Recognized as a leading Japanese contemporary artist, Tomoo Gokita started off his career as a successful graphic designer in the fashion and music industry in the 1990s. He gradually established himself as a full-time artist in 2005. Interestingly, this transition also underscored Gokita’s career breakthrough within the same year—when the discovery of his book Lingerie Wrestling (2000) led to an invitation to participate in a New York group exhibition “Stranger Town” at Dinter Fine Art in New York. Due to financial limitation starting off as a novelist, he painted with a limited monochromic palette of black, grey and white, an aesthetic which was cultivated over the years and now became a representation of Gokita’s iconic oeuvre. His paintings often drew inspirations from a variety of sources in Western pop culture— including photographs from the 1960s and 70s, advertisements, pornography magazines, vintage postcards and record album covers. Initially, he started off with doodles and drawings in pencil, charcoal and ink on paperwork, which helped establish his presence in the New York art scene.

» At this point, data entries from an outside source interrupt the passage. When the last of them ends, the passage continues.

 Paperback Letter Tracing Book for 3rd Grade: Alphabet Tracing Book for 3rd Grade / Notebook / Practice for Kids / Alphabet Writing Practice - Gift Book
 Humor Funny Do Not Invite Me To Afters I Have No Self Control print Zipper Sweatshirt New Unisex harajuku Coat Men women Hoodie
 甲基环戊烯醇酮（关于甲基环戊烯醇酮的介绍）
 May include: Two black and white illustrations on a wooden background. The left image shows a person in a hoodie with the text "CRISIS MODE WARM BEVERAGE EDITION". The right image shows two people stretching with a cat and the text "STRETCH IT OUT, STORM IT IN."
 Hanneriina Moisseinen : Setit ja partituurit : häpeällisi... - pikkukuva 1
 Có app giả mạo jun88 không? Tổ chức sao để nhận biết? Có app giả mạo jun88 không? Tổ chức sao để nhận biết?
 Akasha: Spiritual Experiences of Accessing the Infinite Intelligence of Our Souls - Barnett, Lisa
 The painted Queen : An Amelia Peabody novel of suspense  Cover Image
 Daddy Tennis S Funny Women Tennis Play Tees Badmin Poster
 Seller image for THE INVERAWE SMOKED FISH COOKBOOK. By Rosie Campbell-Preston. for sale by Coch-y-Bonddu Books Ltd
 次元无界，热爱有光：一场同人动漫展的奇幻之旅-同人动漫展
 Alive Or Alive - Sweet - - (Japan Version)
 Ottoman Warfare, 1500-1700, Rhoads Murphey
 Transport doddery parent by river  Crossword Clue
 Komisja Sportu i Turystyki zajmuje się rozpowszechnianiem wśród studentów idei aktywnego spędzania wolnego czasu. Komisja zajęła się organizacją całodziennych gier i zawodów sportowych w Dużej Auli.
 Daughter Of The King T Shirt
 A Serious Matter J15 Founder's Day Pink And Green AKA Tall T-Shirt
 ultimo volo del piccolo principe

This present work, Vanity, 2015, is created just a decade after Gokita has transitioned to a full-time artist. It is a classic representation of Gokita’s talented artistry displaying various painterly method—from total ranges of bold smudges and smears outlining the subjects’ hair and face; to the velvety soft brushworks accentuating different layers of texture in each outfit. Over the years, he has evidently mastered the technique of manipulating gradients of black and white, emphasizing the individuality of each figure with such a limited palette. Vanity is one of the large-scale works Gokita has created; it is his fifth showpiece displaying three or more figures to be offered in the auction market, making it extremely rare to find. He overturns tradition mode of documenting group portraiture, as the trio shown here alludes a complex group dynamic. Additionally, the use of vivid chiaroscuro brings a considerable amount of heft to these figures while provoking a film noir ambience. Gokita successfully blurs the line between the figurative and the abstract and engages his viewers in a sensational experience.
Gokita’s work also echoes that of the psychologically charged work of Adrian Ghenie. Much like Ghenie’s iconic series of Vincent Van Gogh’s self-portraits, which he worked solely on obscuring a reproduction of the same Van Gogh portrait with cut-outs and pieces clipped from magazines and other print material. Comparably, Gokita also employs found imagery as a starting point, which subsequently led to deliberate distortion of his subjects’ faces. As Ghenie’s once said, “I work on an image in an almost classical vein: composition, figuration, use of light”. In similar resemblance of Gokita’s stylistic approach, both artists employ elements of light and spatial composition to challenge the viewers to make sense of the underlying structure of images. In Gokita’s own words, the obscuring of faces might reveal a kind of transformational desire : “to hide a face and to become a different character”. (the artist cited in interview with Steven Cox, 2013, Blum and Poe website, online).